In the recent 2022 study, when the researchers searched BLAST, it revealed that a 19-nucleotide portion of the SARS-CoV-2 genome encompassing the 12-nucleotide FCS is a “100% complementary match to a codon-optimized proprietary sequence,” owned by Moderna. While point mutations in viruses are not at all unusual, this many mutations in one location actually is unusual. The researchers described it as being “very rare” and a “peculiar feature.”

The study authors found that the insertion of 12-19 nucleotides also encodes for a protein that occurs naturally in the human body called MSH3, which was discovered in 1989 by Japanese scientists. At the time, its precise role had not been determined but a 1996 study shed more light on it when researchers found that it acts as a repair gene, and can recognize the errors in the DNA “much as a computer's spell check finds errors.” Researchers found that when MSH3 or other DNA repair genes have themselves been impaired, the errors remain uncorrected. “Over time, the accumulation of these errors can lead to cancer.” In other words, defective MSH3 can result in cancers, and gene therapy that corrects this defect could treat cancers. 

Which brings us back to the recent study in Frontiers in Virology. The authors observed the presence of a “a codon-optimized mRNA sequence for human expression,” which they say, “likely has applications in cancers with mismatch repair deficiencies.” 

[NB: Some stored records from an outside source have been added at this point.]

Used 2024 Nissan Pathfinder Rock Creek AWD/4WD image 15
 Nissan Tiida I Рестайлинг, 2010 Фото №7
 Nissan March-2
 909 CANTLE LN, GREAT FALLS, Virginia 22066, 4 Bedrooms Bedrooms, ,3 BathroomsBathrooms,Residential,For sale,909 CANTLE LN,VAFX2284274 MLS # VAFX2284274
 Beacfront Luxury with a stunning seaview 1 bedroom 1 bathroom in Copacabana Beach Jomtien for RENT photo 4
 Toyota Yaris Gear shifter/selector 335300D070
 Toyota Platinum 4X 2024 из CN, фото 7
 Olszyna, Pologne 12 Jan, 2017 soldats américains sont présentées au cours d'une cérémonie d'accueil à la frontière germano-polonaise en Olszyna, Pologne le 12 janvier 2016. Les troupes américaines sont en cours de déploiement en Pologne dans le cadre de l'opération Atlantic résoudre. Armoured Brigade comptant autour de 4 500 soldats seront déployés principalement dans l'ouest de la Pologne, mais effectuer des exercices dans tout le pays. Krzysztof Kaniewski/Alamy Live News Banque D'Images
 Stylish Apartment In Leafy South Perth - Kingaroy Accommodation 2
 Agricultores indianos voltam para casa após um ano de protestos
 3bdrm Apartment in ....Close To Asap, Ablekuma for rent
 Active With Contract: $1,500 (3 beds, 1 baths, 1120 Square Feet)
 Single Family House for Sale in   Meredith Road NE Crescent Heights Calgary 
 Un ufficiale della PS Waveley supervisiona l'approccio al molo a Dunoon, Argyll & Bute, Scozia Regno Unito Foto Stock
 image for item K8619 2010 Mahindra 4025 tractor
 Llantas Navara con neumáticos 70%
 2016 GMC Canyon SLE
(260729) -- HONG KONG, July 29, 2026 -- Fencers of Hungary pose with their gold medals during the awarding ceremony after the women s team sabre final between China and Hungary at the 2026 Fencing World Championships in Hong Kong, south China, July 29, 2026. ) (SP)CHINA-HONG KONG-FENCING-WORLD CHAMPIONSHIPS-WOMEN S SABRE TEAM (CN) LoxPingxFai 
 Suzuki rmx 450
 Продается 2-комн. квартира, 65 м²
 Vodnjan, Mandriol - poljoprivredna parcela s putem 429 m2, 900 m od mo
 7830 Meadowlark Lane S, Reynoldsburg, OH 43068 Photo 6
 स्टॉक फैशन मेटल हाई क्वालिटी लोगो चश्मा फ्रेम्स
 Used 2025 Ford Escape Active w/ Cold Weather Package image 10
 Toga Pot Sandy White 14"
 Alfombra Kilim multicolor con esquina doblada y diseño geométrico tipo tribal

All of us have MSH3 in our cells. But if a company wants to use it, say for gene therapy research for cancer treatment, it will try to stabilize it. This can be done by slightly altering the original nucleotide to create what’s called an “optimized nucleotide.” According to the study authors, the codons that appear in the SARS-CoV-2 virus are “human optimized,” therefore they represent a modified version of what would occur naturally.

Why is this insertion potentially dangerous?

So, while Moderna’s patenting of the MSH3 sequence for drug research purposes is a legitimate thing to do, two questions arise.  

The first question is, what are the potential consequences of the presence of a “human optimized” mRNA sequence in the SARS-CoV-2 virus? 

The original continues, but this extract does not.